In you case, I think you can wait for another week to see if tumors appear.  If not, you can increase the number of cells to 3-5 million. Beware if you reinject cells to the same location you may get very nasty tumors (maybe the matrigel previously injected can potentiate cell growth and invasion.)  


Hello I have a question


I am planning to induce tumors on 30 mice on the dual flanks for a total of 60 tumors. I am prepare the cell suspension and matrigel mix for 70 tumors just to have some extra on hand.

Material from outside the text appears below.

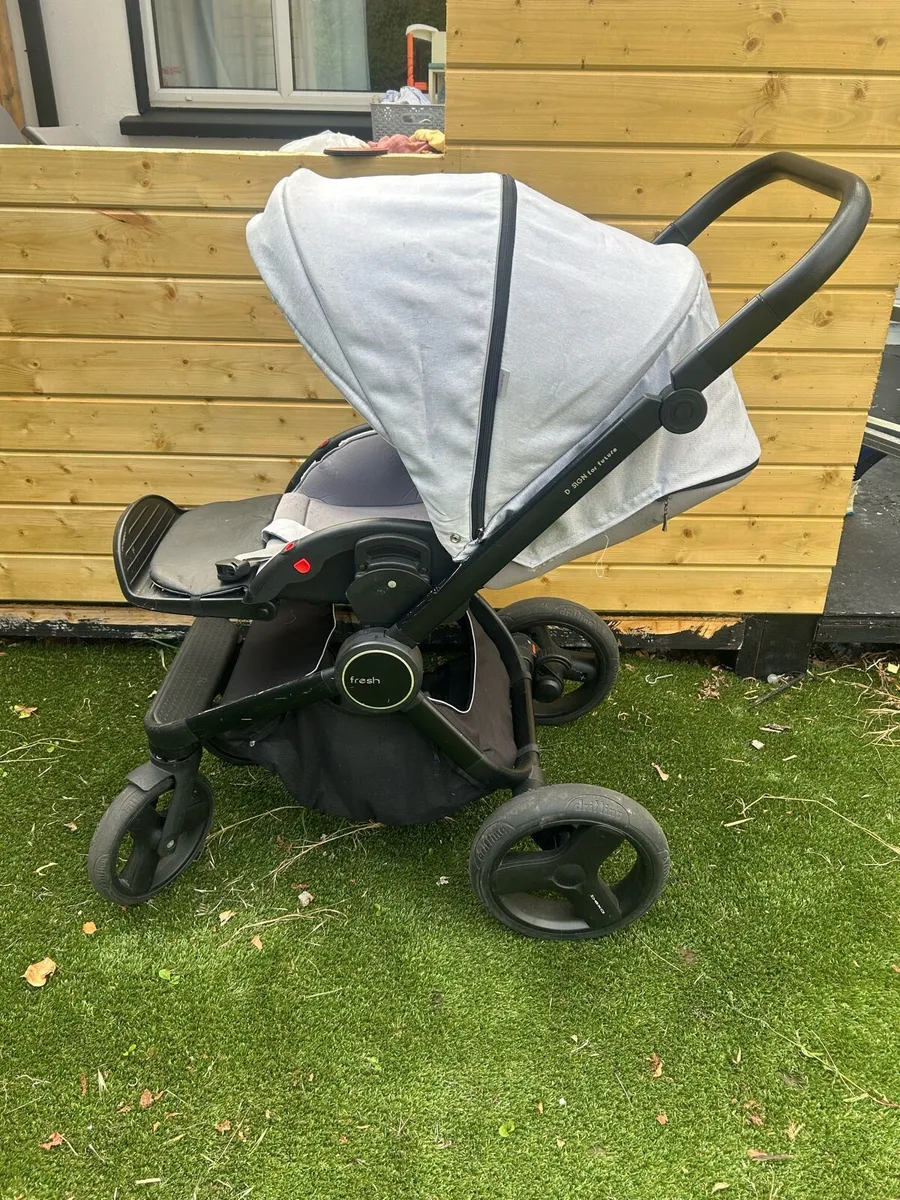 Pram - Image 4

After i form the cell suspension and matrigel suspension, do i load all 70 syringes at the same time in increments and store these on ice, and then inject the mice one by one?


I am trying to minimize the variation by doing this as a big experiment in one batch, is this the proper technique?


I am assuming the loaded syringes will have to sit at least 1 hour or so while I am loading all the syringes, what do you think is the best way to go about doing this?


Should the 30 mice be inoculated at the same time or seperated into 15 each and done after another so the cells are not sitting too long in syringe.


whether to divide the mice to batches depends on how you are experienced and the time needed to finish 30 mice. For me, I can do the 60 injection in 20 min and feel there is no need to do it in two different times. I don't pre-load the syringe with cells. I use one syringe (1 cc) to take 1000 ul cells each time and inject 5 sites (200 ul each) while keep the tube containing cells on ice. After finishing the 5 sites, I use the same syringe to take another 1000 ul. I change to a new syringe if I have to inject a different cell line. 


Thanks alot buddy! Are you using a 1:1 mixture with matrigel?


I know they have different formulations of the matrigel, are you using the high protein content or the normal version of matrigel?


I believe the protein content can vary from 10mg/mL to around 5mg/mL or so after reconstitution in media


We use the normal version of matrigel and mix it with cells at 1:1 ratio (volume).